The Environmental Protection Agency has awarded local governments along the Wasatch Front more than a million dollars to help clean up and revitalize blighted property. Here's how Salt Lake City, Salt Lake County and Ogden plan to use the EPA Brownfields grants given to 245 communities nationwide.
With major development underway along North Temple in Salt Lake City, including construction of the Airport TRAX line, Mayor Ralph Becker says this money is a huge leg up for the process.
“What we’re trying to do is make sure those sites are clear along this corridor, because this was mostly manufacturing and industrial corridor, there have been railroads through part of it. It’s had a lot of industrial uses, and we want to facilitate the redevelopment of this whole corridor.”

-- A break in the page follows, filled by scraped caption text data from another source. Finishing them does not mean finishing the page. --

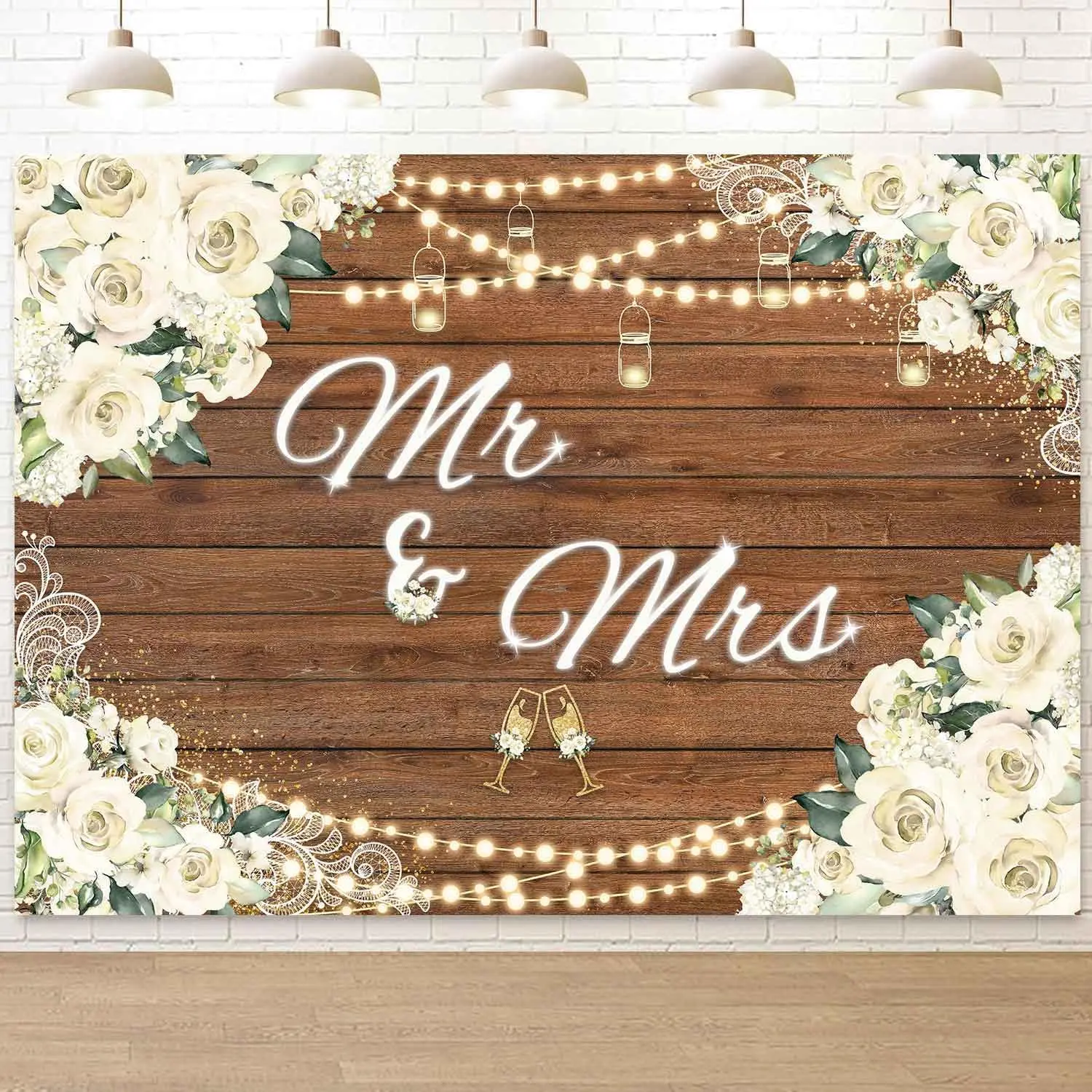 Mr and Mrs Wedding Backdrop for Engagement Party White Floral Rustic  Photography Background Bride to Be Bridal Shower Wedding Party Decorations Engaged Proposal Anniversary Banner 7x5ft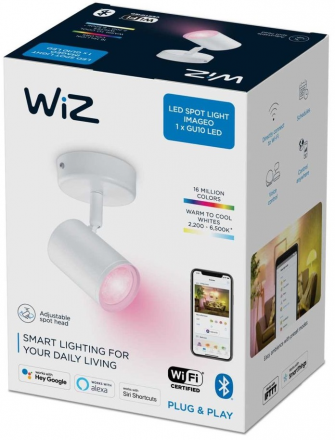 Умный светильник WiZ IMAGEO Spots 1x5W W 22-65K RGB Белый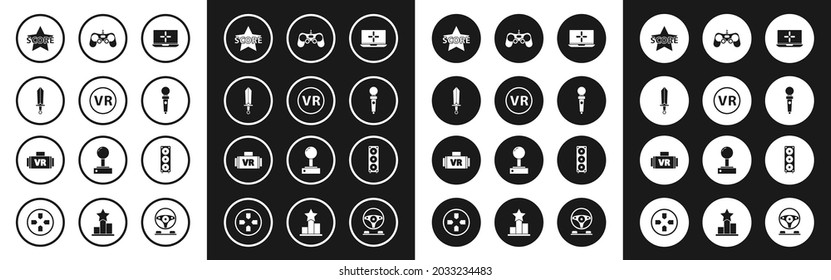 Set Laptop, Virtuelle Realität Brille, Schwert für Spiel, Star, Joystick-Arcade-Maschine, Gamepad, Stereo-Lautsprecher und Icon. Vektorgrafik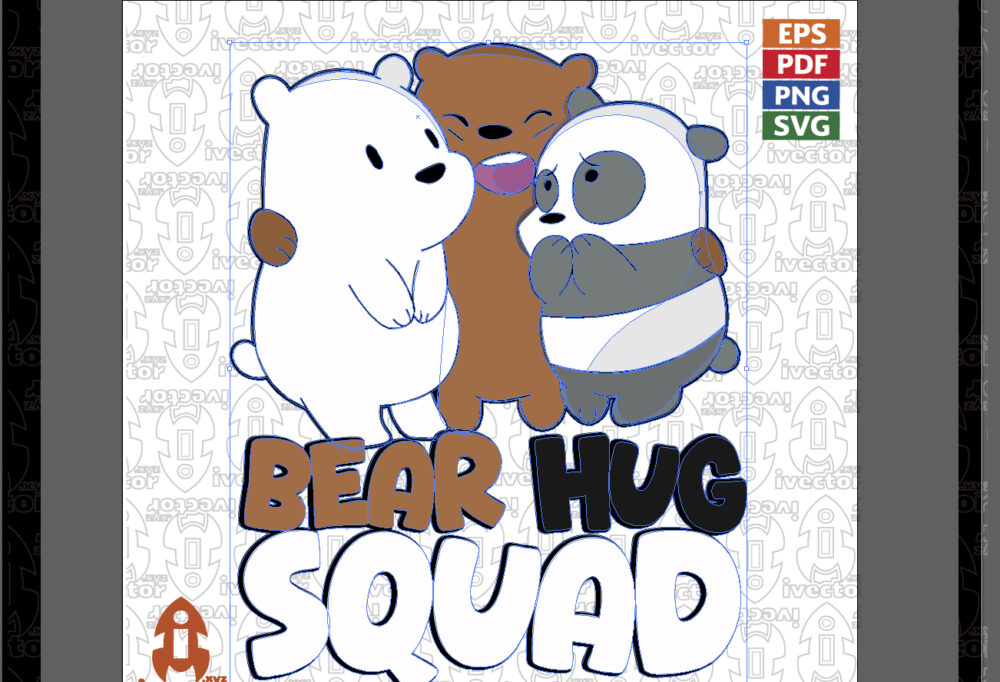 bear-hug-squad-vector_Mesa-de-trabajo-2 Cute Bear Friends Hugging Vector Illustration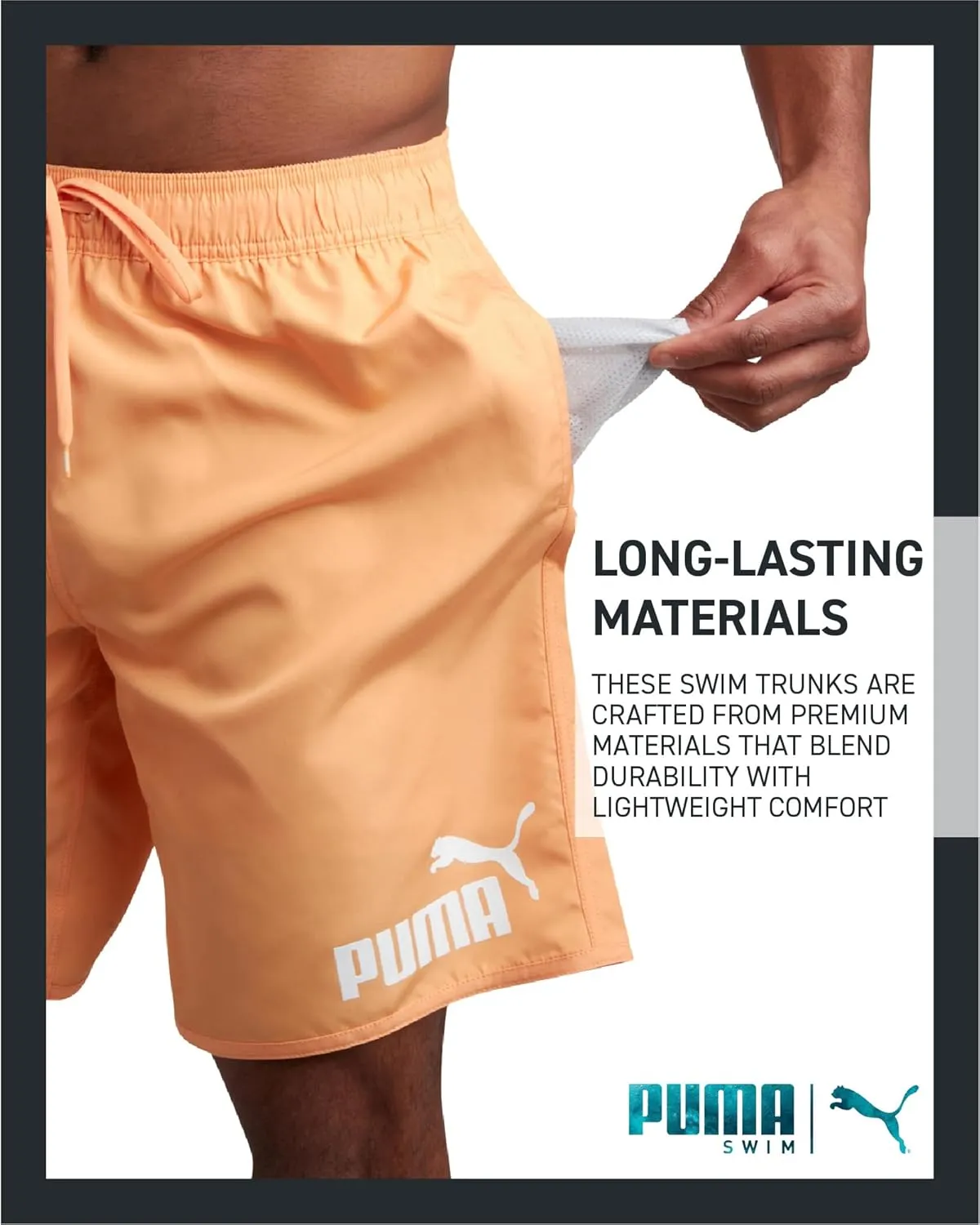 PUMA Men's Bathing Suit - 2 Pack Quick Dry Swimsuit Trunks with Mesh Compression Liner - 8" Inseam Swimwear (S-XL)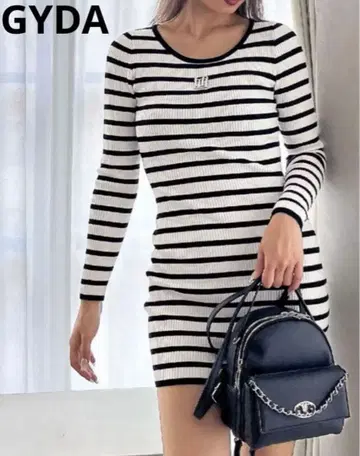 제이다 GYGY 플레이트 타이트 니트 원피스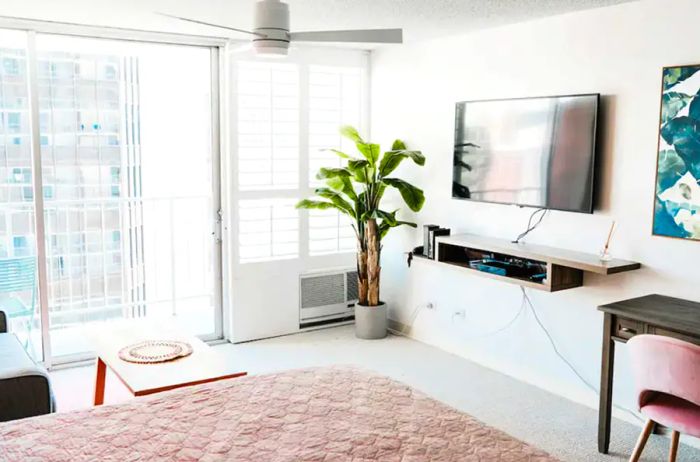 Inside a bright white studio apartment featuring floor-to-ceiling windows, a tall potted plant, and a TV next to a desk.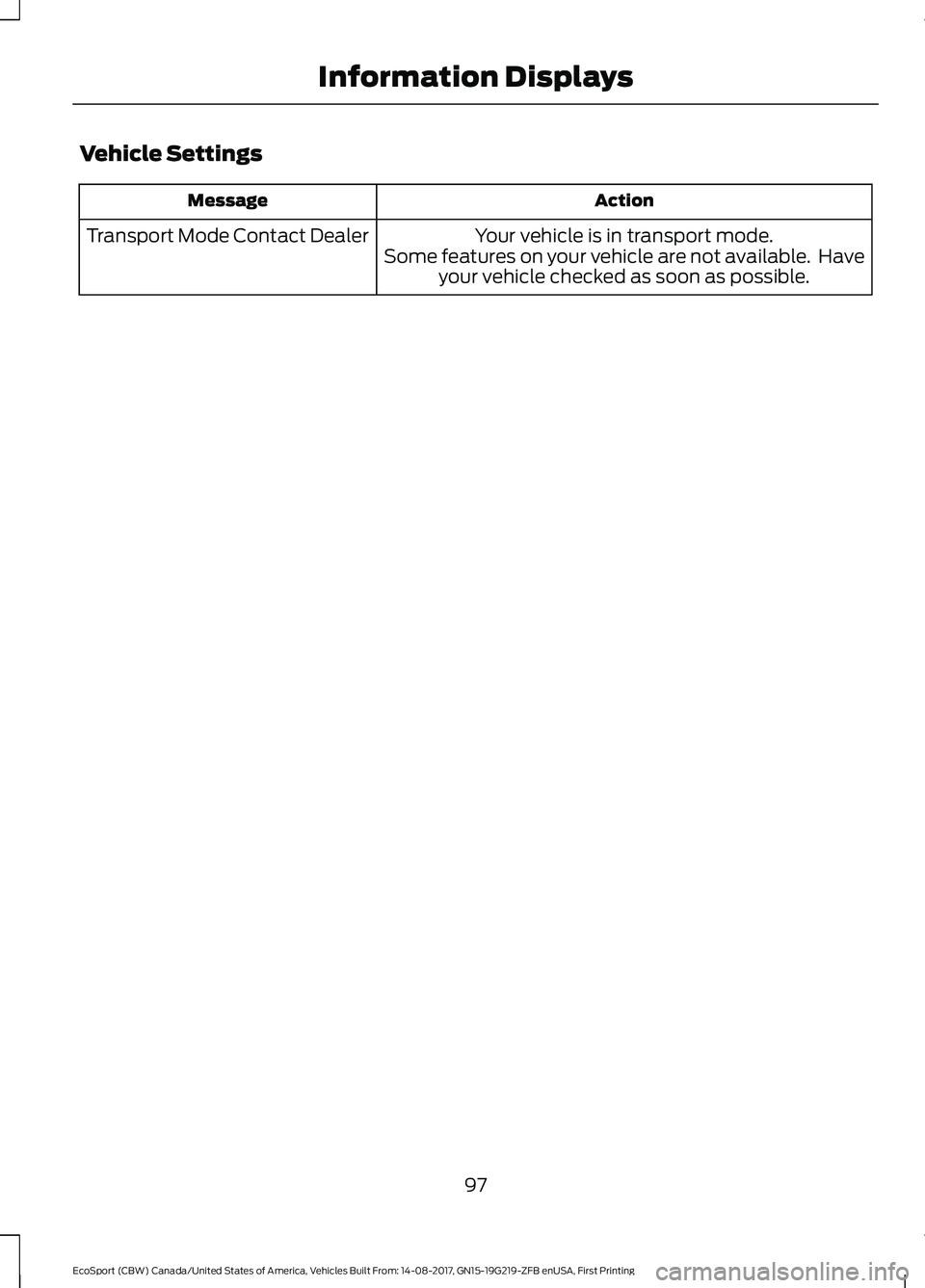 FORD ECOSPORT 2018 Owners Manual Vehicle Settings
ActionMessage
Your vehicle is in transport mode.Some features on your vehicle are not available. Haveyour vehicle checked as soon as possible.
Transport Mode Contact Dealer
97EcoSpor FORD ECOSPORT 2018 Owners Manual Vehicle Settings
ActionMessage
Your vehicle is in transport mode.Some features on your vehicle are not available. Haveyour vehicle checked as soon as possible.
Transport Mode Contact Dealer
97EcoSpor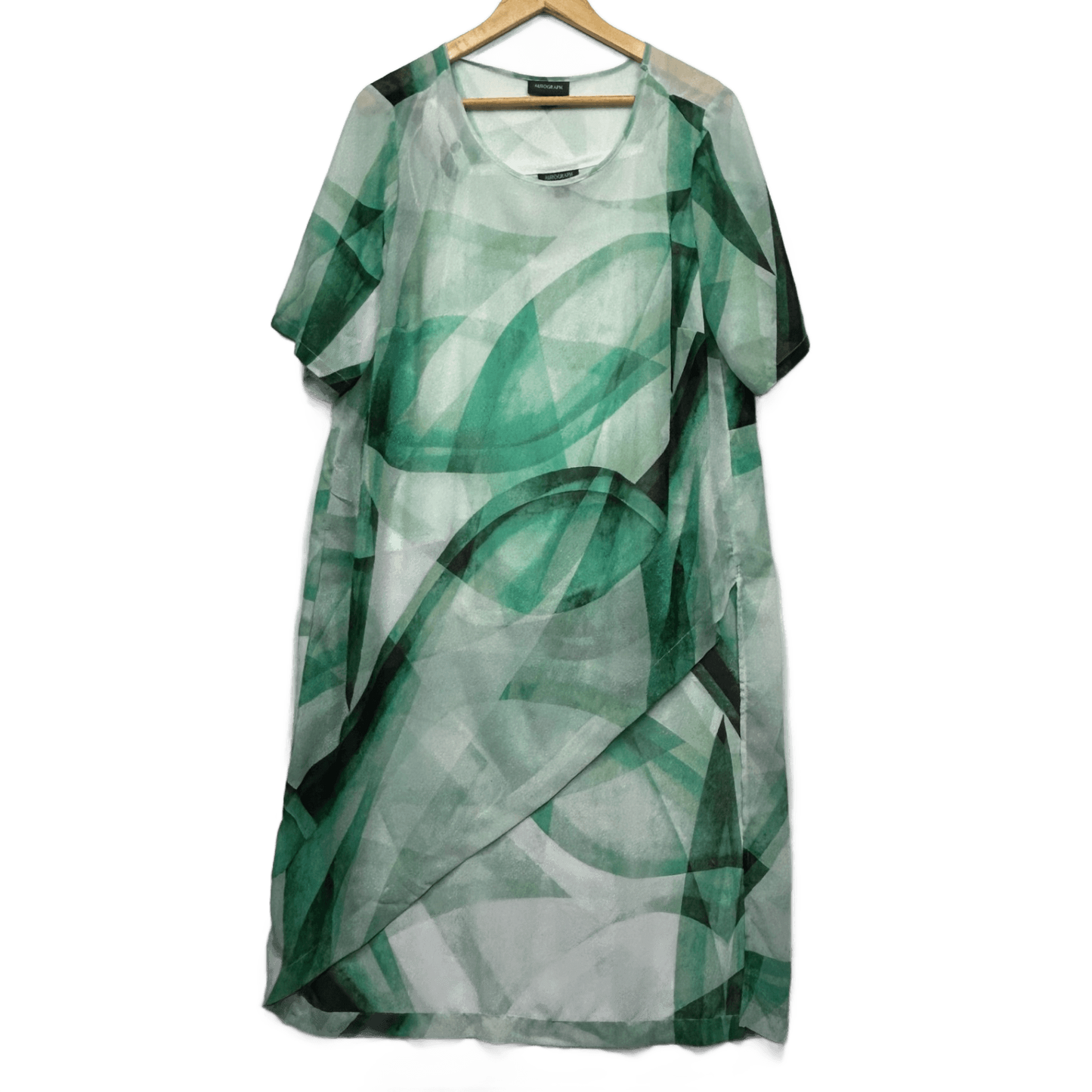 Autograph Sheer Top Layer Dress Size 14 Short Sleeve Green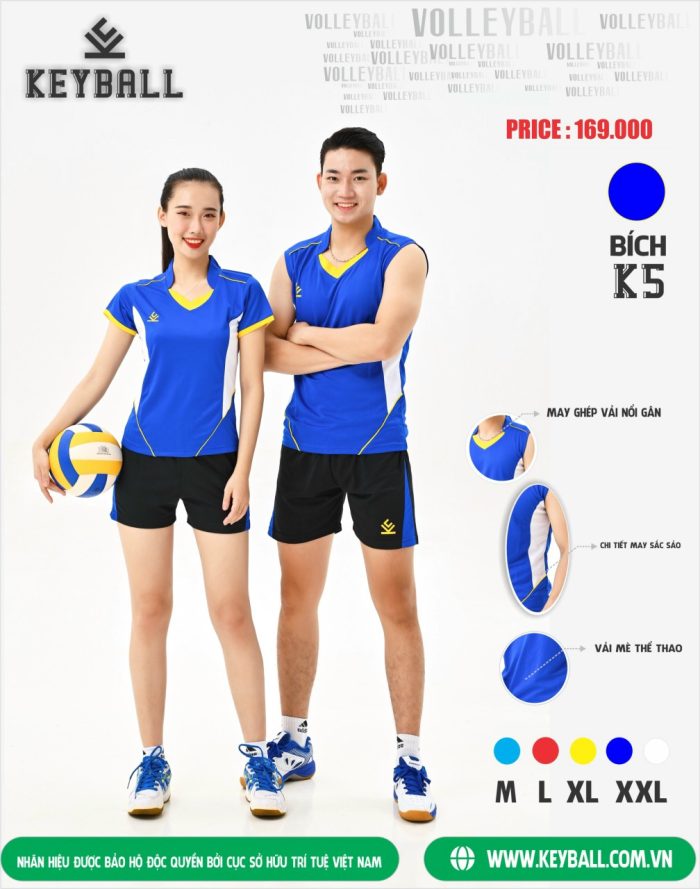 Áo bóng chuyền nam nữ KEYBALL K5 chính hãng màu xanh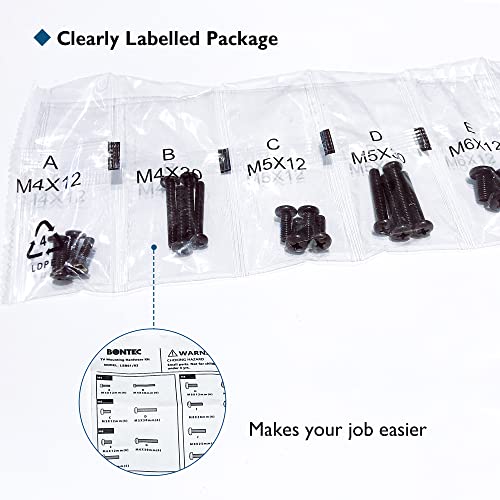 BONTEC Universal TV Mounting Hardware Screw Kit, Compatible with TVs Up to 80 inch, Includes M4, M5, M6, M8 Screws, Washers, Spacers, VESA Mounting, Ceiling Mount, TV Wall Mount Kit, Black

The $1.3 million grant will allow the city to do an assessment of North Temple and various other sites near abandoned industrial and commercial properties, including areas in the Granary District and West Millcreek in Salt Lake County. The grant will also be used for properties along the 24th Street Corridor, 24th Street Interchange, and the Wall Avenue Retail Corridor in Ogden.
Those areas may be contaminated with things like petroleum, arsenic, lead and asbestos.
Jim Martin, Regional Administrator for the EPA says with the help of this grant, five years from now these areas will be transformed.
“What we’ve seen across the country with Brownfields grants is they provide that one piece of help, that one step further to help them figure out what it is they want to do, what properties they might need to remediate, what the contaminates are and then help them actually clean those sites up, so that the private sector can come in and invest with some confidence.”
The cleanup is expected to generate jobs for the local community and also reduce pollution and threats to human health.
Amanda Smith, Executive Director of the Utah Department of Environmental Quality says this is a great example of what building the economy and protecting the environment looks like.
“Most importantly people live and work, and are in this area every day. So it’s critically important that we have the funding to come in and do an assessment of the area, find out what’s here, what contaminants remain and then bring them up to standard.”
The EPA estimates there are 450,000 abandoned and contaminated waste sites in the United States.